Thompson was intrigued by the opportunity for her students to take part in such a large-scale project. She gave them the option to participate, and in the end 39 students filled out toe tags, with some providing artistic flourishes such as drawings, paintings, quotes and messages in addition to the migrant’s identifying information.

“During this time of social distancing, this was a way to engage students in a project that uses ethnography, archaeology, visual anthropology and forensic science to understand the complex social process of undocumented migration,” Thompson said. “I am grateful our students were able to participate. Even what I learned through the process was eye-opening, so I think this installation has a lot of potential to help give a visual context for the situation at the U.S.-Mexico border. This project makes it more personal. It’s not just a number, a body and a location, it’s about another human being who had a life and family. Our students got to honor those lives through their involvement in this project.”

Early in the semester, HUB-Robeson Galleries Exhibition Coordinator Sarah Kipp and one of her interns gave a short Zoom presentation on HT94 to Thompson’s courses. When numerous students responded with “thumbs up” emoticons throughout the presentation, Thompson sensed there was genuine enthusiasm for the project.

In the end, Thompson was very impressed with the nearly 40 students who took part in the project.

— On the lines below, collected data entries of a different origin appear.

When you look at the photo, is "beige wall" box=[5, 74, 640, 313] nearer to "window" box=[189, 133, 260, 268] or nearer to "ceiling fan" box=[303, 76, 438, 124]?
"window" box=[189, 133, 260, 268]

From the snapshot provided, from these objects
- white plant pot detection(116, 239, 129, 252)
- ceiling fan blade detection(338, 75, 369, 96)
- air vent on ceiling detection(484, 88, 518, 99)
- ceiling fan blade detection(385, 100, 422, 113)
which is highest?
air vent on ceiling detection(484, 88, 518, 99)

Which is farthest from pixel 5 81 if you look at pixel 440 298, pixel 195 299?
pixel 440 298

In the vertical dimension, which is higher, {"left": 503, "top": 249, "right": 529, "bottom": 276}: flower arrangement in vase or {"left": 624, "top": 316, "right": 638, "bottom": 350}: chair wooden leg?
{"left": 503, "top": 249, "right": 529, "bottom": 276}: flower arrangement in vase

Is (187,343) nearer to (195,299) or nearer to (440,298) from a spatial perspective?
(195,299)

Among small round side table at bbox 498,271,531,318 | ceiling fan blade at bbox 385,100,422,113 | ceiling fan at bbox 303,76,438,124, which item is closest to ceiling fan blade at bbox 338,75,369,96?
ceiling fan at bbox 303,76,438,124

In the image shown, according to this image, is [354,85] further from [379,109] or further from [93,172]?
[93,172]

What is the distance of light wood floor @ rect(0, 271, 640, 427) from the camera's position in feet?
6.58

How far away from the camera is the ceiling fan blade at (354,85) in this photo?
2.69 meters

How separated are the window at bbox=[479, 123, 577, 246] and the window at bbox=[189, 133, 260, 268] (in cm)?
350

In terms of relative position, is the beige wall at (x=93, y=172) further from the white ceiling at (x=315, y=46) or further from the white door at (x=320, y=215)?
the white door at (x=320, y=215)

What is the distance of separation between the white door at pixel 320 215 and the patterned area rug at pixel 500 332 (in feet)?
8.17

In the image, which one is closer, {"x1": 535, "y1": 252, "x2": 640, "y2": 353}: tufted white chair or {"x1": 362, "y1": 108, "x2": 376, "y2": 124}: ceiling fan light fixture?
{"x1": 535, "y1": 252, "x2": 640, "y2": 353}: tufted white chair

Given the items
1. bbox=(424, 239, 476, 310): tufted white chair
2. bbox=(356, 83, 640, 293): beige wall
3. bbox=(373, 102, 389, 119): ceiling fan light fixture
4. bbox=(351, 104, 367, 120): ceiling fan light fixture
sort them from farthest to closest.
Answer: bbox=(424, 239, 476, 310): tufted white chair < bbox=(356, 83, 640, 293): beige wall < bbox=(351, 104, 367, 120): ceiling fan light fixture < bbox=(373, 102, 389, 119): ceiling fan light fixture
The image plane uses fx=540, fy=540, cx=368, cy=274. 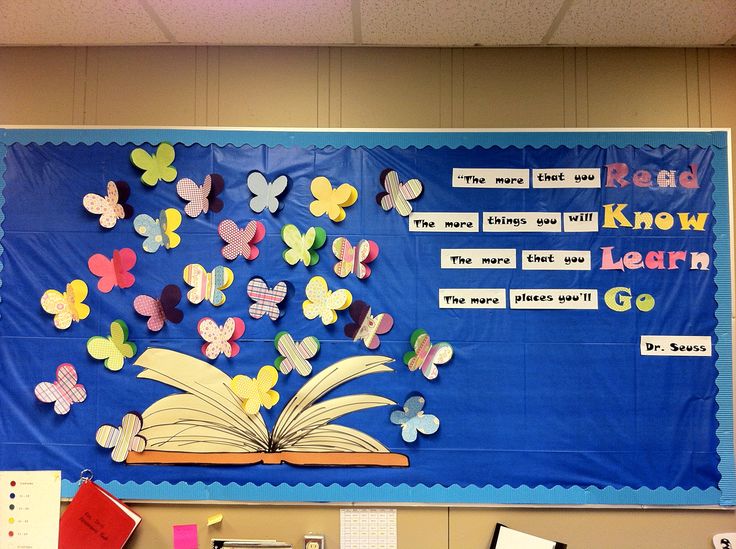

While migration and immigration are difficult topics to discuss given the country’s current political polarization, the students were extremely respectful of the project’s themes throughout the entire process, she said.

“We talked about the facts of this project and that no matter what your political opinion might be, these are still human beings that died on our soil,” Thompson said. “Whatever these men and women were trying to get away from or get to, it was worth risking their lives to escape and that fact is worth contemplating.”

Senior Julia Fessenden filled out three toe tags for the exhibit. On the back of them, she wrote quotes from several poets because, she said, “I felt as though my own words were inadequate.”

“I think it’s definitely a powerful idea to compile these tags and have a visual representation of the people who died looking for a better life,” Fessenden said. “Overall, it is incredibly impactful to see instead of just hear about. The amount of unknown people who died without the ability to have their names remembered is heartbreaking.”

Senior Kristi Cucura filled out the tags for two unidentified migrants. On the one tag, she wrote “peace,” with hopes that the person’s soul “would find peace in the afterlife despite not finding peace on this earth.” For the other person, whose cause of death was undetermined, she wrote “hope,” for the hope that “they identify their cause of death and that their soul finds peace.”

For Cucura, the project vividly illustrates how the deceased migrants weren’t just “statistical data,” but living, breathing human beings.

“The people that perished should not have had to go through such harsh desert terrain just to find a safe place to start a life. This project gives the ones who died a way to be recognized, and we have the ability to make them be known,” Cucura said. “We should recognize how fortunate we are to be American citizens. We should remember that we have opportunities that many would not even dream of, and that we have the opportunity to speak up and have a voice. We need to speak up about the injustices we see – that’s just basic human ethics.”

Thompson loves the fact that HT94 gave her students the chance to be part of a conversation extending far beyond the campus community.

“The students get to see that art is not only a process they can personally participate in through the studio courses, or that it is not only images they see in a textbook, but can be something that speaks to greater causes far beyond their own lives,” she said. “Art can engage with communities and affect change. Sometimes, art is the only way to give voice to those who would otherwise have no voice.”